### Exercise details
The answer must consist solely of the lines from the line with "Main view of" to the end of the data below, transcribed exactly and with no pictures.

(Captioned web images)
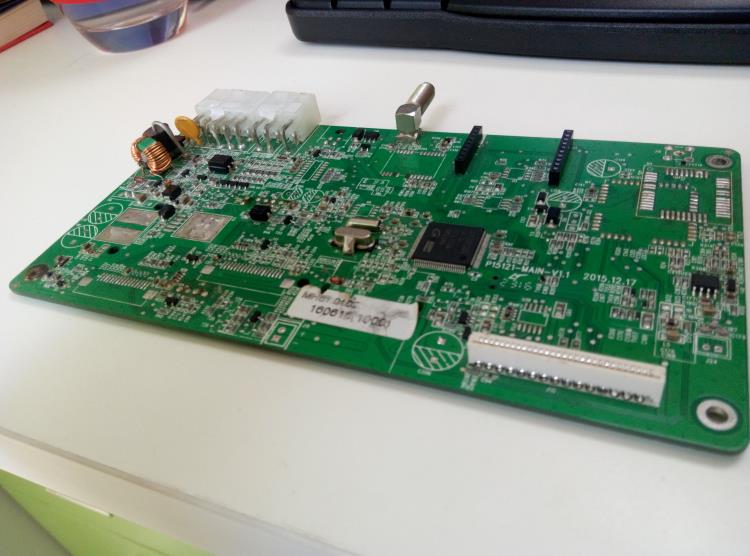 SMT貼片加工什么是回流焊？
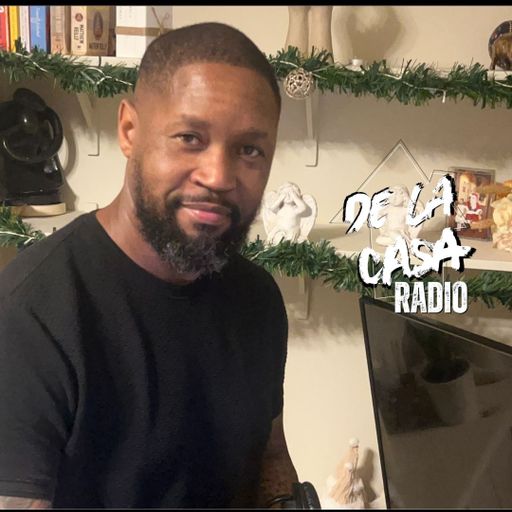 DJ Skeleton Coast - De La Casa Radio 17.12.25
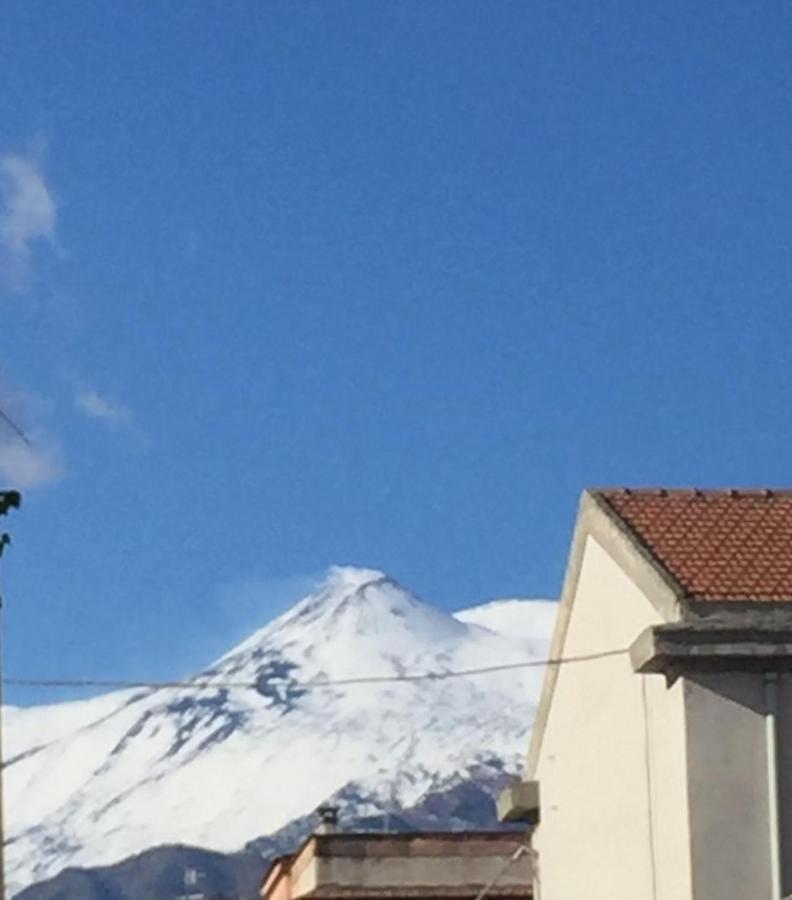 Casitta Villa Mascali Dış mekan fotoğraf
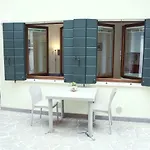 شقة Residenza Ca' Matta البندقية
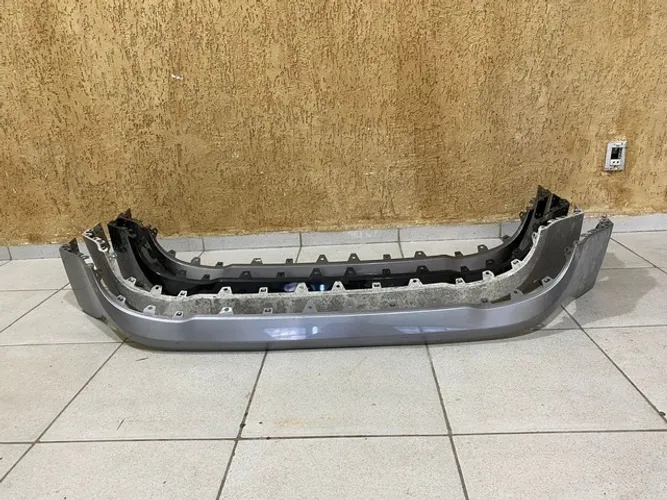 Parachoque superior Jeep Renegade 2018/2019/2020/2021
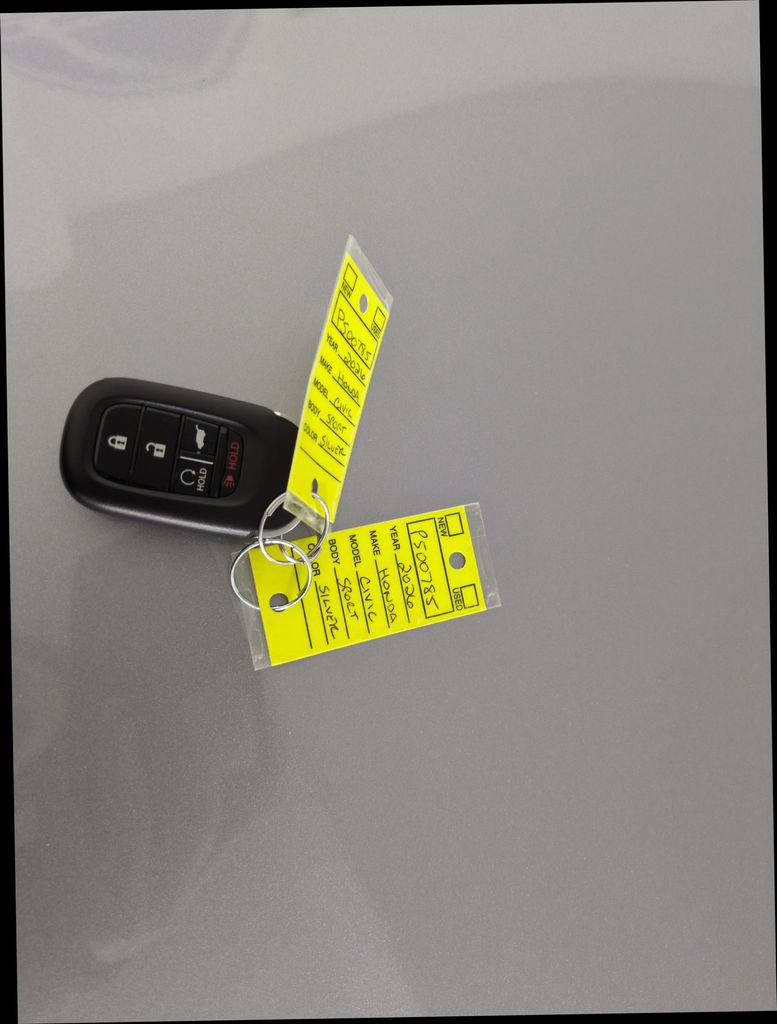 Certified 2026 Honda Civic Sport image 31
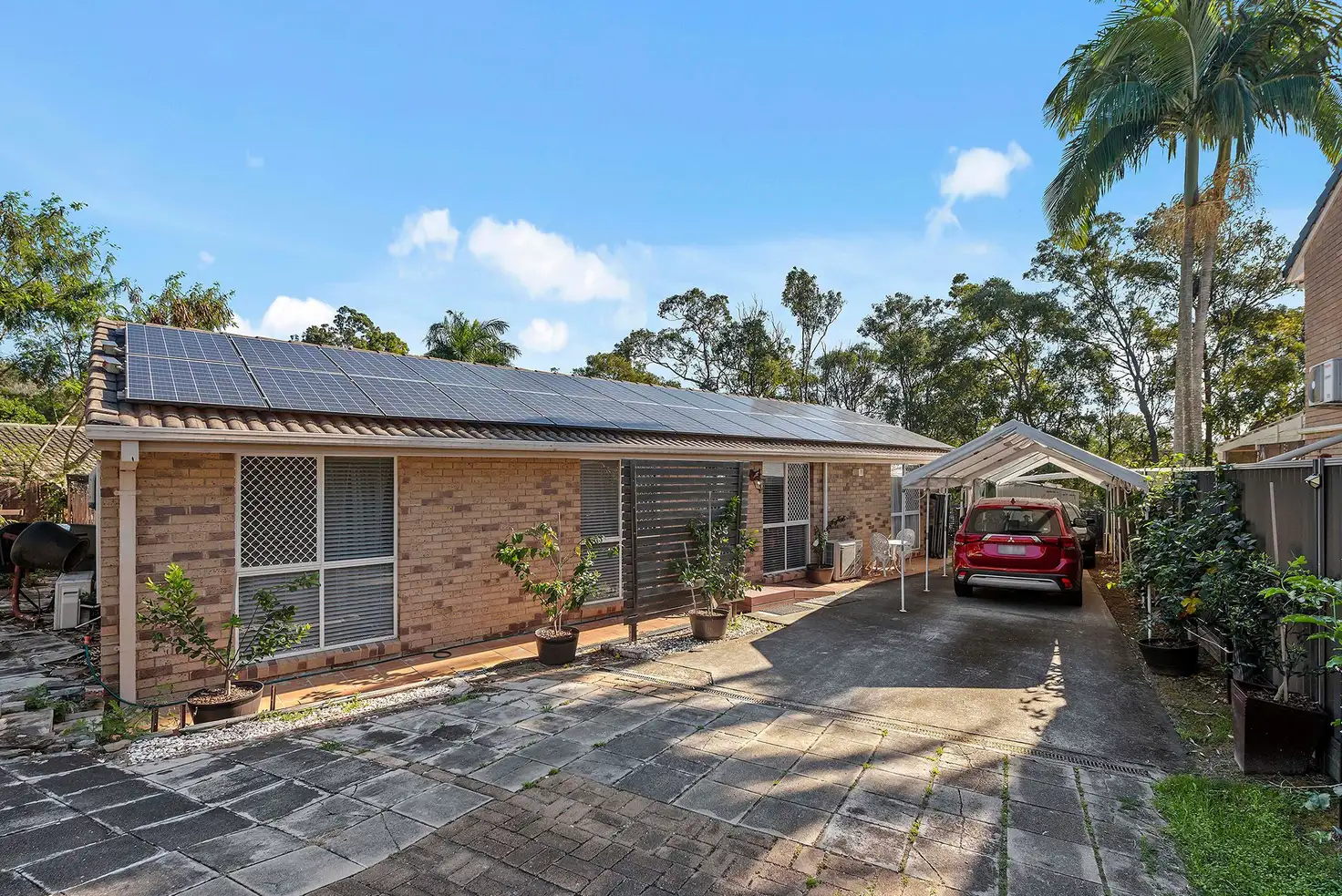 Main view of Homely house listing, 33 Dove Tree Crescent, Sinnamon Park QLD 4073
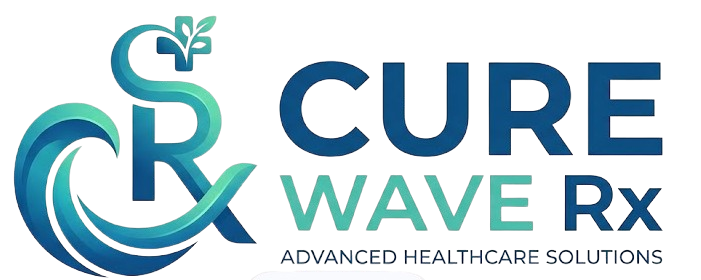 Cure Wave Rx
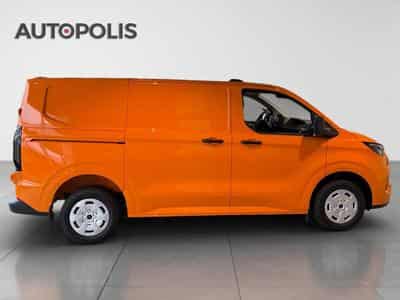 Ford Transit 2.0TD Trend 300S SWB (1970) - Foto 14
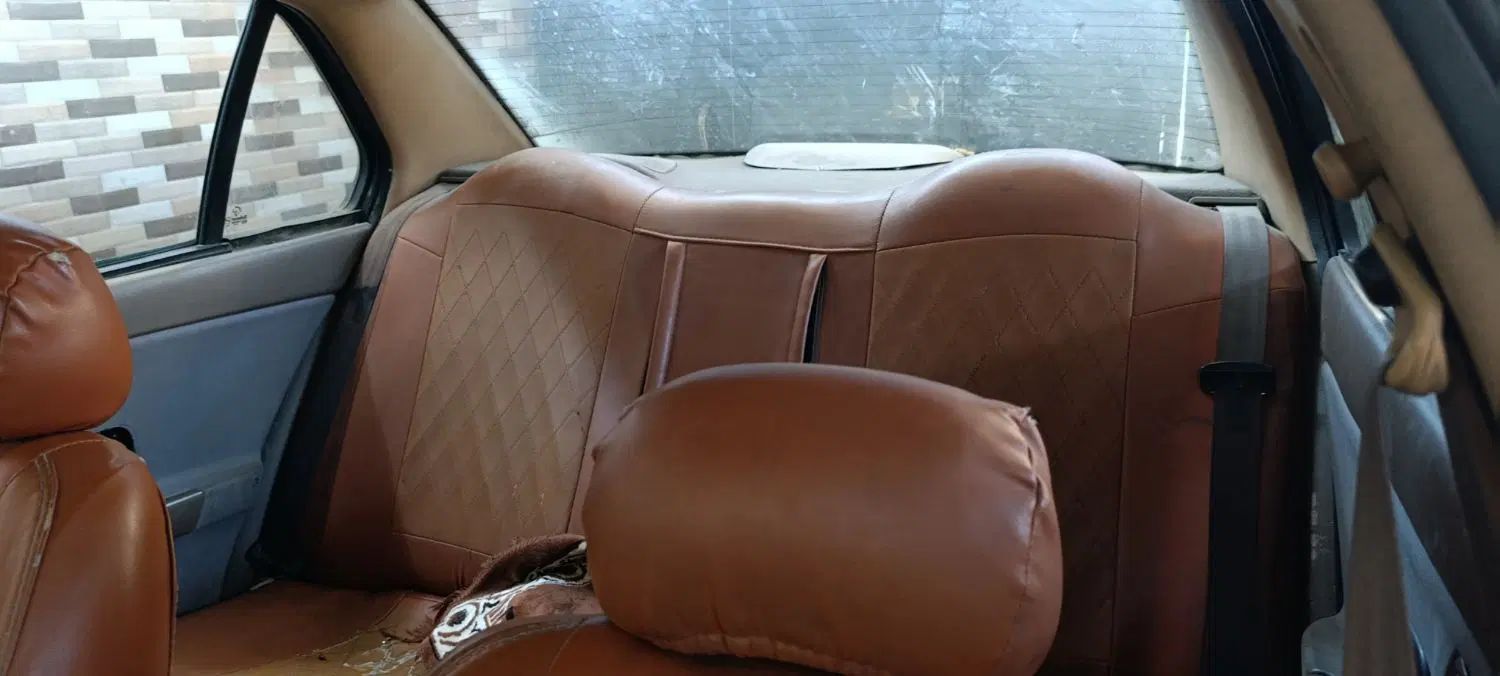سمند LX XU7 - 1384
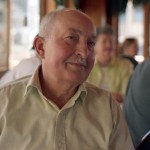 Bernard attentif (Brisbane, Australie)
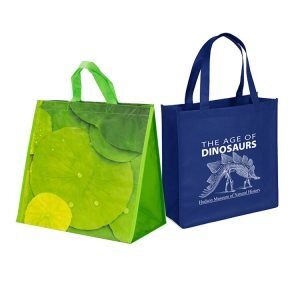 custom reusable tote bags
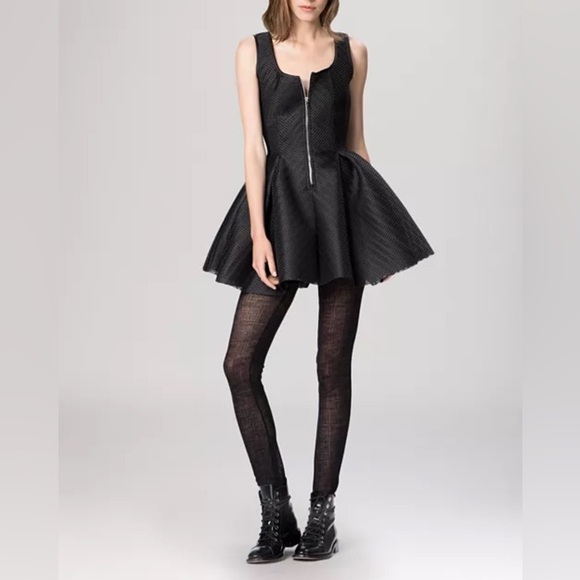 Maje
Dress - Gulliver Fit and Flare NWT - Picture 3 of 5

### Answer to the exercise
 Main view of Homely house listing, 33 Dove Tree Crescent, Sinnamon Park QLD 4073
 Cure Wave Rx
 Ford Transit 2.0TD Trend 300S SWB (1970) - Foto 14
سمند LX XU7 - 1384
 Bernard attentif (Brisbane, Australie)
 custom reusable tote bags
 Maje
Dress - Gulliver Fit and Flare NWT - Picture 3 of 5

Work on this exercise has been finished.